And as Jonathan Turley has pointed out, both during and after the drafting of the Constitution, Madison himself took a view of the impeachment power broad enough to cover gross mismanagement, incompetence, and other “conduct simply incompatible with the status of the chief executive.” In the first Congress, Madison suggested that “the improper continuance of bad men in office,” or the “wanton removal” of good ones were acts of “maladministration” for which the president could rightfully be impeached. 


As Douthat sees it, however, you can impeach the president for being a crook; if he’s a clod or a crackpot, you can’t—and he puts POTUS emphatically in the latter category. He portrays Trump as borderline non compos mentis: “a child… cannot really commit ‘high crimes and misdemeanors’” or “obstruction of justice.” 


That assessment of Trump’s faculties is too harsh, it seems to me, and, at the same time, lets him off too easily. But even if it were correct, that wouldn’t mean impeachment is off limits. It’s unjust to punish someone mentally incapable of assuming legal responsibility. But where criminal convictions deprive the accused of liberty, impeachment only puts the officeholder out of a job he or she was unfit to hold. 


As it happens, the first impeachment trial in American constitutional history involved credible evidence that the accused was insane. In 1803, the House charged federal district court Judge John Pickering with, among other things, appearing in court “in a state of total intoxication,” and conducting himself in a “profane and indecent manner” making him guilty of “high misdemeanors, disgraceful to his own character as a judge.” Pickering’s own son, as well as his doctors, confirmed his mental instability. But despite his defenders’ argument that it was an “absurdity” to impeach a man who wasn’t in his right mind, the Senate removed Pickering in 1804. 


The American “precedents” are thin, 19 impeachments in the House, 15 of them federal judges. But those we have are in keeping with a remedy designed to “reach a broad variety of conduct by officers that is both serious and incompatible with the duties of the office.” 


In our last national debate on the subject, President Clinton’s defenders argued that the standard for impeaching presidents had to be higher than for judges. After all, judges serve for life, or during “good behavior,” and presidents are elected and term‐​limited. But the other main differences between the two positions hardly argue for leniency toward presidents. Judges don’t supervise the entire federal law enforcement apparatus or have the massive destructive capacity of the U.S. military at their disposal. As Madison argued at the Philadelphia Convention, impeachment was “indispensable” when it came to the president, because, among other things, “he might lose his capacity after his appointment,” which “might be fatal to the Republic.”

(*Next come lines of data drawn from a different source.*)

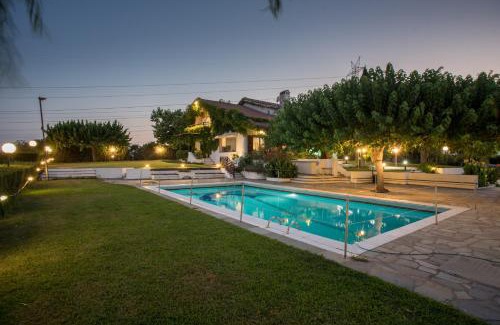 Larissa Villa | Olympus Breeze pool villa Divine Luxury in Larisa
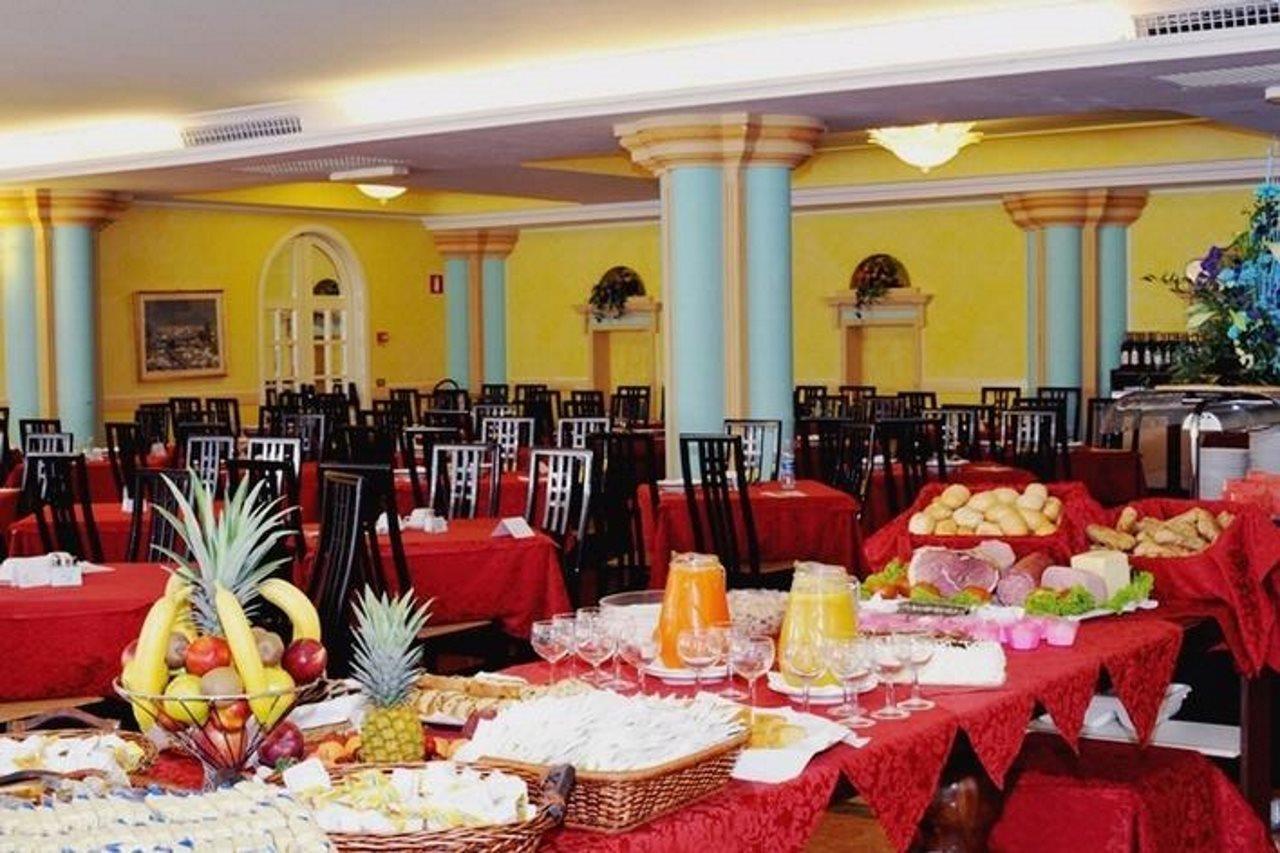 Hotel Royal Garda  Bagian luar foto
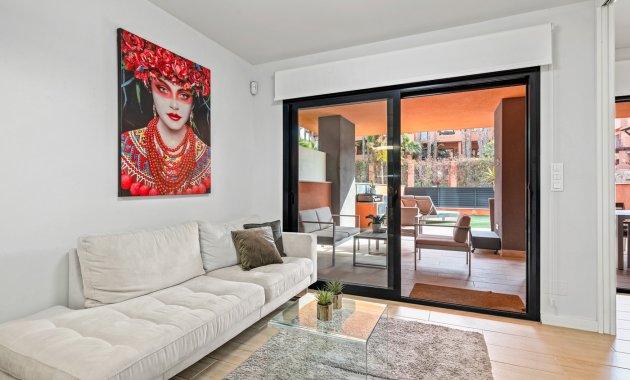 Resale - Apartment  -
Orihuela Costa - Villamartín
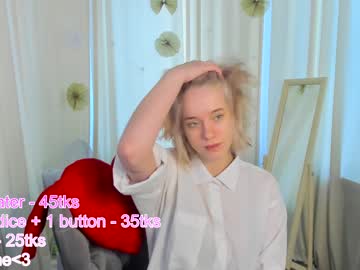 Naked cam girl joyce_coy image #3720871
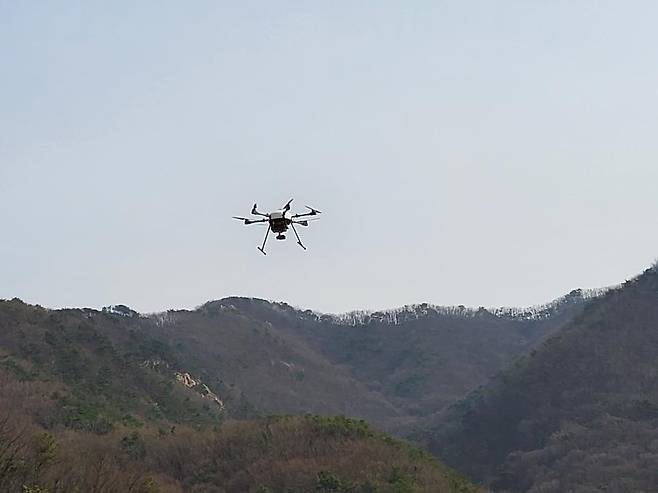 안양시, 드론 활용해 산불예방활동 [안양시 제공. 재판매 및 DB 금지]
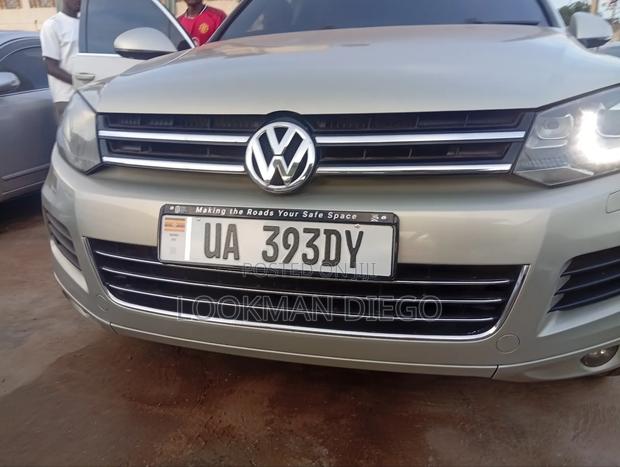 Volkswagen Touareg 2011 Gold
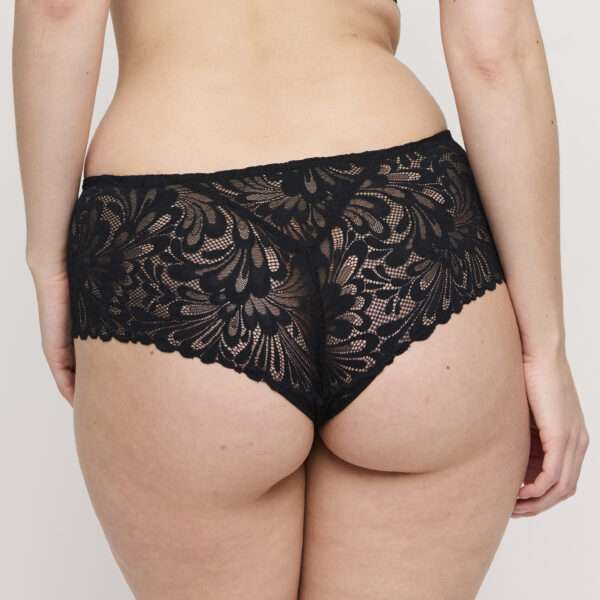 RUPI zwart hotpants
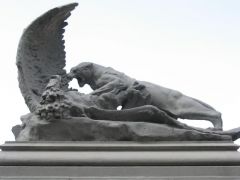 У дома с химерами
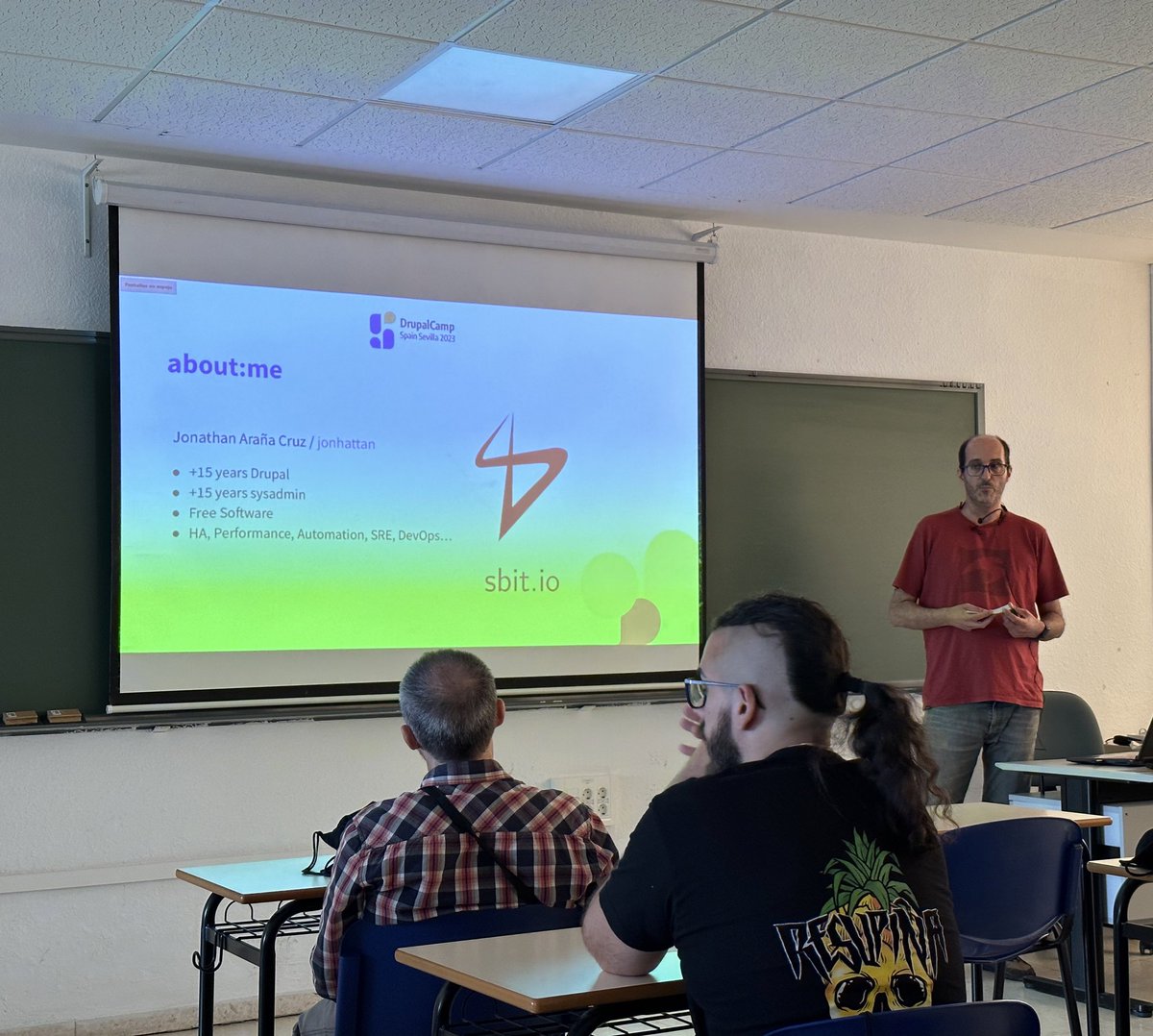 jmsosso's tweet photo. Muy buenos tips para hacer pruebas de carga nos ha dado Jonathan Araña #DrupalCampES https://t.co/35prMfn1z4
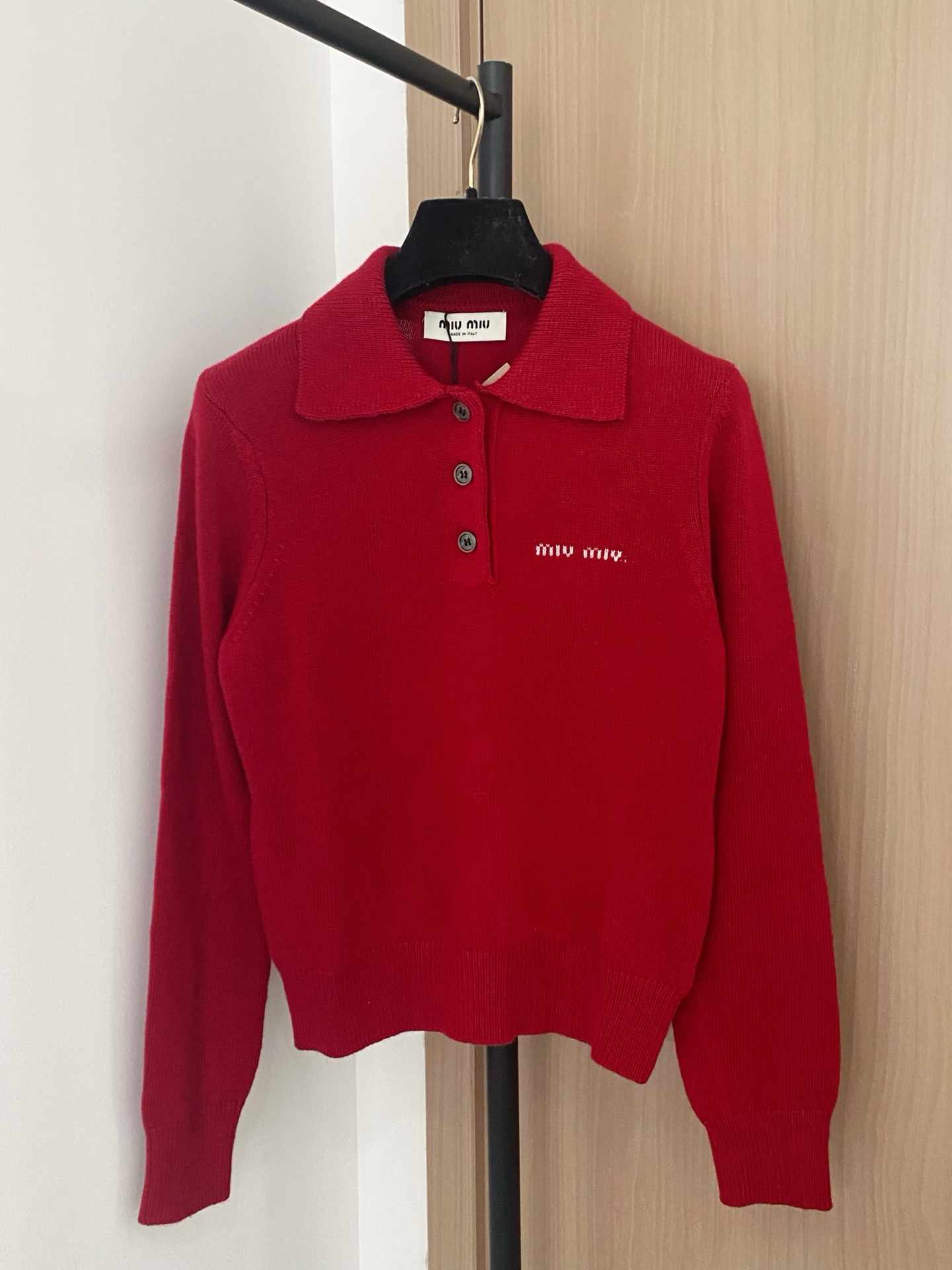 Miu Miu Rode Poloshirt met Lange Mouwen en Logo - Stijlvol & Comfortabel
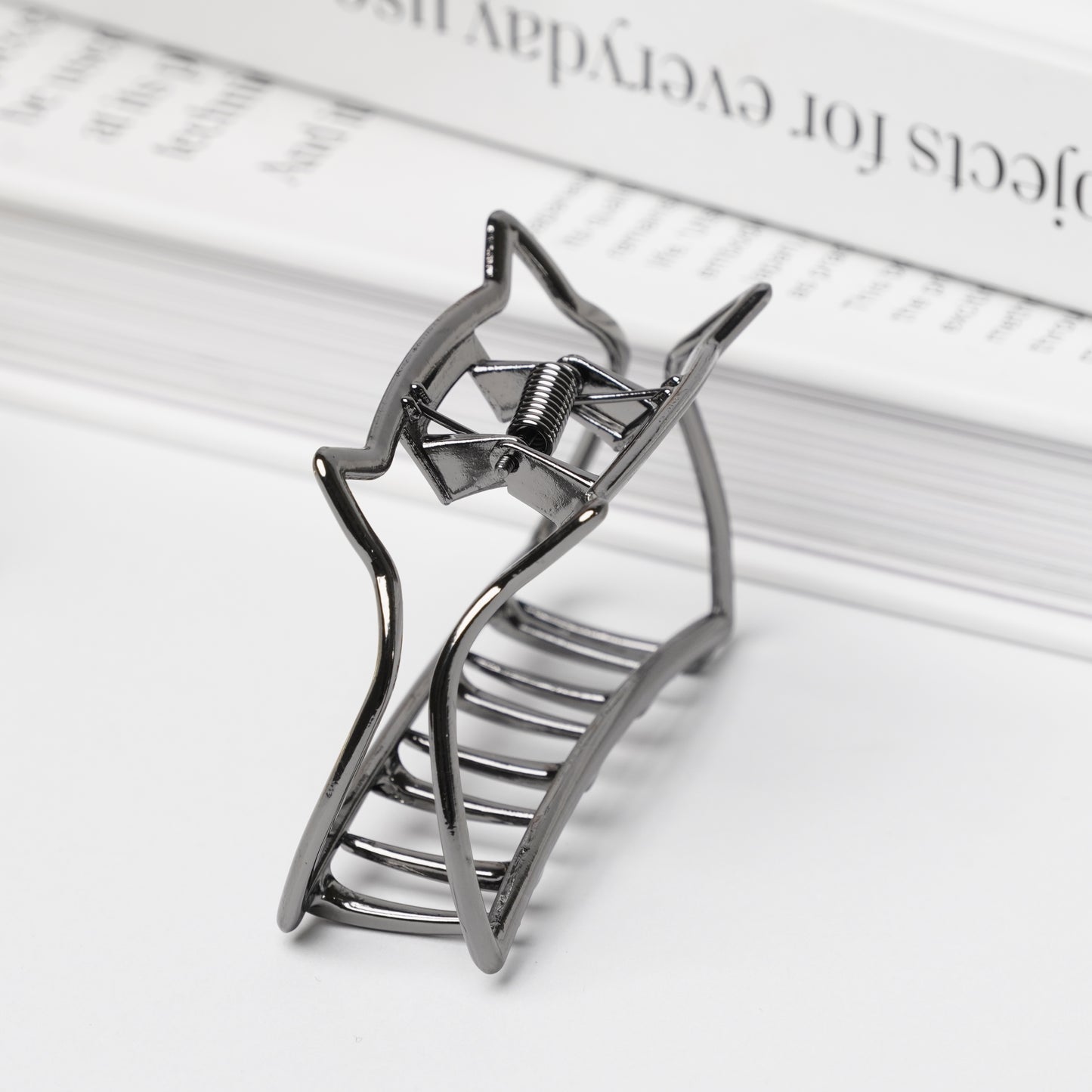 Cat Motif Metal Hair Clip – Gold and Silver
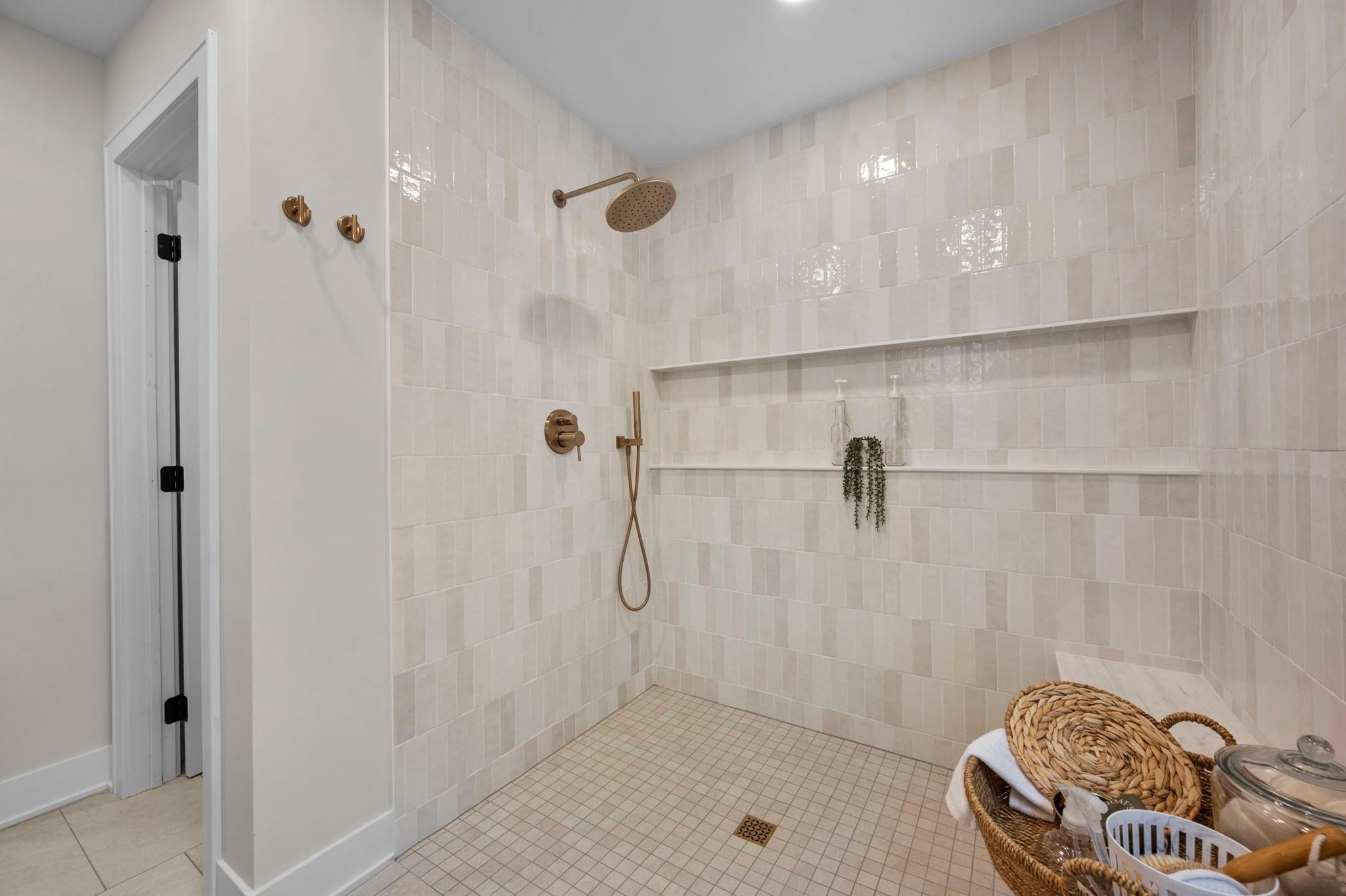 4. 72-web-or-mls-5801 Fairfax Ave-364.jpg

Like Douthat’s proposal, impeachment is also a crazy, longshot idea. Still, legally and practically, it’s less of a stretch than removal via the 25th amendment. 


That amendment, introduced in the wake of the Kennedy assassination, clearly aimed at near‐​total disability in the medical sense—whether temporary, as during surgery, or permanent: Wilson’s stroke; if JFK had survived. In context, “unable to discharge the powers and duties of his office,” has to mean something more than “turned out to be dangerously bad at the job.” 


As a practical matter, unless Trump decides he’s just as “witless and unmastered” as Douthat says he is, the “25th Amendment Solution” only gets off the ground via Section 4, when and if Vice President Mike Pence and a majority of Cabinet‐​department heads declare him unfit. Pence, who’s thus far stood by his man like a classic political “good wife,” seems unlikely to make the move. Even then, final resolution of the issue requires a supermajority vote in both chambers of Congress, as opposed to only the Senate in removal via impeachment. Trump might not be able to get away with standing “in the middle of 5th Avenue and shoot[ing] somebody,” but surely he could expect one‐​third of the House to back him here?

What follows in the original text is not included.